Key quote from John Boehner: “I don’t think there’s any question that the payroll tax relief, in fact, helps the economy. You’re allowing more Americans, frankly, every working American, to keep more of their money in their pocket. Frankly, that’s a good thing.”
* A difficult time for GOP leaders? Also in the above link, the Hill observes that this is “an intensely difficult time for GOP leaders, who have implored their caucuses to fall into line even as Obama and Democrats have moved to steal their tax-cutting credentials.”

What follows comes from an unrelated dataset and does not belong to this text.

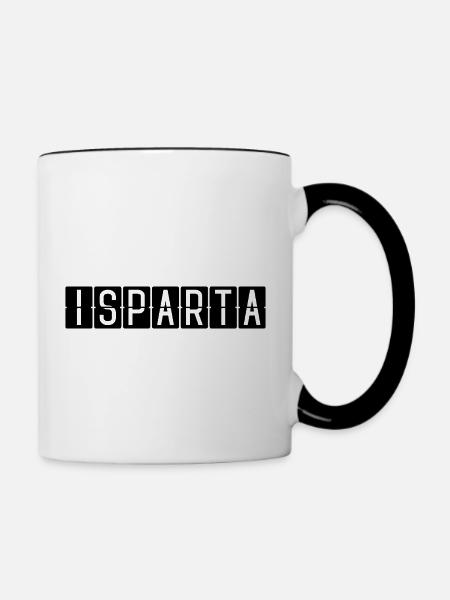 Isparta Flughafentafel - Tasse zweifarbig - Weiß/Schwarz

* New ad hits Romney as “Mr. One percent”: In an interesting move, MoveOn is going up with a new ad in Iowa hitting Mitt Romney in stark populist terms. It cites everything from his venture capitalist past to his enormous beach house to the New Hampshire Union Leader publisher’s claim that Romney is the candidate of the one percent:
The ad is all about chipping away at Romney’s “electability” argument. The idea is to highlight the inevitable Dem attack against Romney in hopes of persuading GOP voters of his vulnerabilities in a general election.
* Obama allies open new front against Romney: Relatedly, the Obama-allied American Bridge is out with a new memo and video detailing another aspect of Romney’s past: That he’s actually been a politcian for quite a long time. Obama allies don’t want Romney to define himself on his own terms as someone who can bring a private sector outsider’s perspective to fixing government and the economy.
The level of attention to Romney from the liberal/Dem infrastructure, even before GOP voting has started, is remarkable, and suggests Romney is the number one threat and probable nominee.
* Mitt Romney’s problem, in a nutshell: Why can’t Romney break out? Nate Silver digs into the numbers and sums up the problem: He isn’t well liked enough by moderates in his own party for it to offset his problems among conservatives.
* Why conservatives might forgive Newt’s vulnerabilities: Charles Krauthammer explains why conservatives might ultimately forgive Newt Gingrich despite his flip flops, history of affairs, and undisciplined ego:
What distinguishes Gingrich from Romney — and mitigates these heresies in the eyes of conservatives — is that he authored a historic conservative triumph: the 1994 Republican takeover of the House after 40 years of Democratic control. Which means that Gingrich’s apostasies are seen as deviations from his conservative core — while Romney’s flip-flops are seen as deviations from ... nothing.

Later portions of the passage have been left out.